On the Formulas tab of the ribbon, click Define Name
. When the New Name dialog pops up, enter the name of the custom function in the Name textbox, and enter the formula (not including the arguments in parentheses at the end) in the Refers To textbox. It’s easiest to just copy and paste the formula that you worked on in the Excel formula bar above: you can make the Name dialog larger, but you can’t make the Refers To box more than one row of text tall. Microsoft assures us they are working on a better formula editing experience, and we can’t wait.
Click OK and the custom function is created.
The function is used like any others in Excel.

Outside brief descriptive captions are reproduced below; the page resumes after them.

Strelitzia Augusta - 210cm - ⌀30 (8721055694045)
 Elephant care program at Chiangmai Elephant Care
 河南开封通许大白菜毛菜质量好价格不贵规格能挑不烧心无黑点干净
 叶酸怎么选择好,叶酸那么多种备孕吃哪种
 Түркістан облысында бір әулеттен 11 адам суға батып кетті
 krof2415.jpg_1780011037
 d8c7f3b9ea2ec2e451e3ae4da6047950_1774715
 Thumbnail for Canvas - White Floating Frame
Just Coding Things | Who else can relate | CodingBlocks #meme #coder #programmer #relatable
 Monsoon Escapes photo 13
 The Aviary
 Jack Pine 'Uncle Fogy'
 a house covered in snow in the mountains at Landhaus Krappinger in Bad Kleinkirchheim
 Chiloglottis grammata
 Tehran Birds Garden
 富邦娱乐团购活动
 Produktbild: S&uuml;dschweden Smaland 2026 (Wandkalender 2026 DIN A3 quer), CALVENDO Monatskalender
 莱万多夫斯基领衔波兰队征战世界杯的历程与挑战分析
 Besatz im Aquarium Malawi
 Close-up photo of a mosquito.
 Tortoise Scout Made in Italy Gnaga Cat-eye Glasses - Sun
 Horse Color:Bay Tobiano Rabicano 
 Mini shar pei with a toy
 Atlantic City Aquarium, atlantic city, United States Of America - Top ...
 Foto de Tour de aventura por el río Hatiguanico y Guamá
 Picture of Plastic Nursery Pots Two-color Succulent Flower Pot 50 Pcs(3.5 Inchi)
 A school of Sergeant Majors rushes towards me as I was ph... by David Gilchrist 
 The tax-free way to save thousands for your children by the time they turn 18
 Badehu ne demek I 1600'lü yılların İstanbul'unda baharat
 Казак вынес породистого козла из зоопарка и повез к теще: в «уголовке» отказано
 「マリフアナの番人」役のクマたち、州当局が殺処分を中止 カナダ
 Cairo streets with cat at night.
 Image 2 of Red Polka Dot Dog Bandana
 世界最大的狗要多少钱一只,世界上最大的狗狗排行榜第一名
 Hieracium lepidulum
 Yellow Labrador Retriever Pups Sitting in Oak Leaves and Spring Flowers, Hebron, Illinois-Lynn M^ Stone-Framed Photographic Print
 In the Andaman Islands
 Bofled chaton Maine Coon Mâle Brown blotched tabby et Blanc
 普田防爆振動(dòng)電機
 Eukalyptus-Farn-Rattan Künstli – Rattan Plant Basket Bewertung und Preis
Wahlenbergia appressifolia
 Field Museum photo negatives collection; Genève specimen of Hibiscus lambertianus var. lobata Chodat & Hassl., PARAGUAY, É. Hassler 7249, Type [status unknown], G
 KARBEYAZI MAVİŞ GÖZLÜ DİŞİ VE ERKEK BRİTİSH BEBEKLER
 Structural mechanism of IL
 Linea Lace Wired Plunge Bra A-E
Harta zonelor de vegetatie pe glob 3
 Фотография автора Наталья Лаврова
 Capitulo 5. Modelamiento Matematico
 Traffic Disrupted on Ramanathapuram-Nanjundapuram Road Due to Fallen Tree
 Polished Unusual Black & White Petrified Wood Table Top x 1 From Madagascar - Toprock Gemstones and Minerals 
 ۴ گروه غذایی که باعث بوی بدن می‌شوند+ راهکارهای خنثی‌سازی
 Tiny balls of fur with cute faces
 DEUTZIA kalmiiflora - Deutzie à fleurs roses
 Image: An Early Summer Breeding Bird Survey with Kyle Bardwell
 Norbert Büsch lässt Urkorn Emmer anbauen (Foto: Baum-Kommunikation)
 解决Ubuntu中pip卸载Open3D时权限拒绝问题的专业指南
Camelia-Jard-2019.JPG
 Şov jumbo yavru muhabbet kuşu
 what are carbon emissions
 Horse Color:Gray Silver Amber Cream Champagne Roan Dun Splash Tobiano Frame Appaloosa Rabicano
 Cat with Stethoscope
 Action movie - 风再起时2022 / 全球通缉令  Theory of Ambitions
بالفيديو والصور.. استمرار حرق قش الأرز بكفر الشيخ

Cell D6 contains the formula
=HistoNormData(B2:B288)
and my three columns of values are output in the sheet, spilling to fill as many rows as are needed.
The range and chart are identical to what we’ve already seen above, but I can easily use my HistoNormData
function to compute similar output ranges for other data in the same workbook. For example, in the worksheet shown below, I have a much larger range of data. I entered this formula in cell D6
=HistoNormData(B2:B783)
And I get a corresponding chart of the larger data set, without any additional work.
Names are defined for a given workbook, so you would have to define your custom function in any workbook where it is needed. But it’s easier than you think: you use the custom LAMBDA function on a worksheet, then copy that worksheet to another workbook, and the custom function is also copied to the new workbook.
Make the Chart Dynamic
I’ve written a follow-up article, Dynamic Charts Using Dynamic Arrays, that shows how to make this histogram dynamic, so that changes to the size of the Dynamic Array’s spill range are reflected in the chart.
A year or so after I posted these articles, Microsoft released an enhancement to Excel that made Dynamic-Array-driven charts themselves dynamic. If all of the data in the chart comes from a single Dynamic Array formula, the chart’s source data will change size to match the Dynamic Array’s spill range. This means we can select the original Dynamic Array and insert our chart, ignore the need to create Names for the X and Y values, and the chart will dynamically change its source data range as the Dynamic Array changes.
More Histogram Articles on Peltier Tech Blog
- Histogram With Normal Curve Overlay
- Histograms Using Excel XY Charts
- Histogram Using XY and/or Area Charts
- Filled Histograms Using Excel XY-Area Charts
- Histogram on a Value X Axis
- Histogram with Actual Bin Labels Between Bars
- Peltier Tech Histogram
More About Dynamic Arrays, LET, and LAMBDA
- ISPRIME Lambda Function
- Lambda Moving Average Formulas
- Improved Excel Lambda Moving Average
- Excel Lambda Moving Average
- LAMBDA Function to Build Three-Tier Year-Quarter-Month Category Axis Labels
- Calculate Nice Axis Scales with LET and LAMBDA
- VBA Test for New Excel Functions
- Dynamic Arrays, XLOOKUP, LET – New Excel Features
AcingExcel says
Hi Jon – this is a great write up on histograms in Excel. Like you, I’ve never been a huge fan of the native Excel histograms and have usually just created a quick, manual histogram when needed. But this is a great write up approach for histograms, thanks!
Chris says
Great Post!
So, if I now wanted to add a CDF chart; how would I manage adding a dynamic rolling sum column?
Jon Peltier says
Chris –
The same way I added a column to my summary data range for “Curve”, you would add a column for “CDF”, and add it to the chart.